The once-celebrated London-listed oil producer Tullow Oil has entered early-stage discussions regarding a potential all-share takeover by American counterpart Kosmos Energy, highlighting significant shifts in the energy sector landscape.
Texas-based Kosmos Energy confirmed its approach to Tullow Oil, emphasising the preliminary nature of talks and noting there remains no certainty of a formal offer materialising. The potential merger would unite two major stakeholders in West African oil assets, particularly the crucial Jubilee and Ten oilfields off Ghana’s coast.
The strategic importance of these assets cannot be understated, with the Jubilee field alone accounting for approximately half of Tullow’s net production, averaging 62,700 barrels of oil equivalent daily in the previous year. Kosmos currently holds a 39 per cent stake in Jubilee and 20 per cent in Ten, while Tullow maintains 40 per cent and 54 per cent ownership respectively.
Tullow’s market capitalisation has experienced a dramatic decline from its peak of £14 billion to merely £300 million, following a series of operational setbacks that have resulted in substantial debt accumulation.

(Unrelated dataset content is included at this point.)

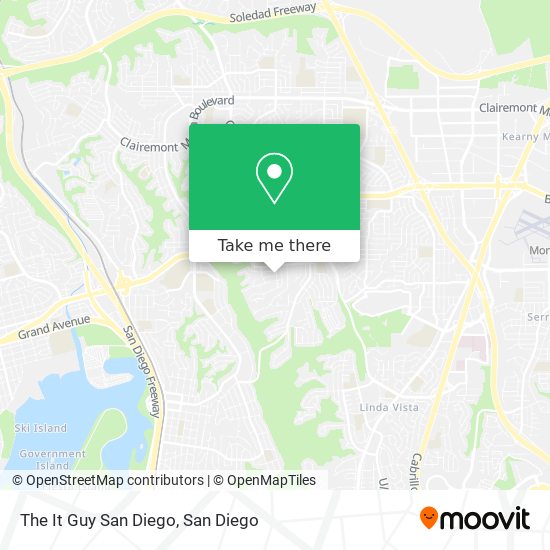 Mapa de The It Guy San Diego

The company’s net debt position stood at $1.7 billion as of June’s end, presenting significant challenges for future growth.
The timing of these discussions coincides with the announced departure of Tullow’s Chief Executive, Rahul Dhir, who joined during the pandemic-induced oil price crash. Industry analysts describe the company as “rudderless” amid leadership uncertainty and mounting debt concerns, complicated further by an ongoing tax dispute with Ghanaian authorities.
Under UK takeover regulations, Kosmos must declare its intentions by January 9, either proceeding with a formal bid or withdrawing from negotiations. Market reaction has been notably negative, with Tullow’s shares declining 9.8 per cent to 23½p, while Kosmos Energy saw its London-listed shares fall 7.1 per cent to 261p.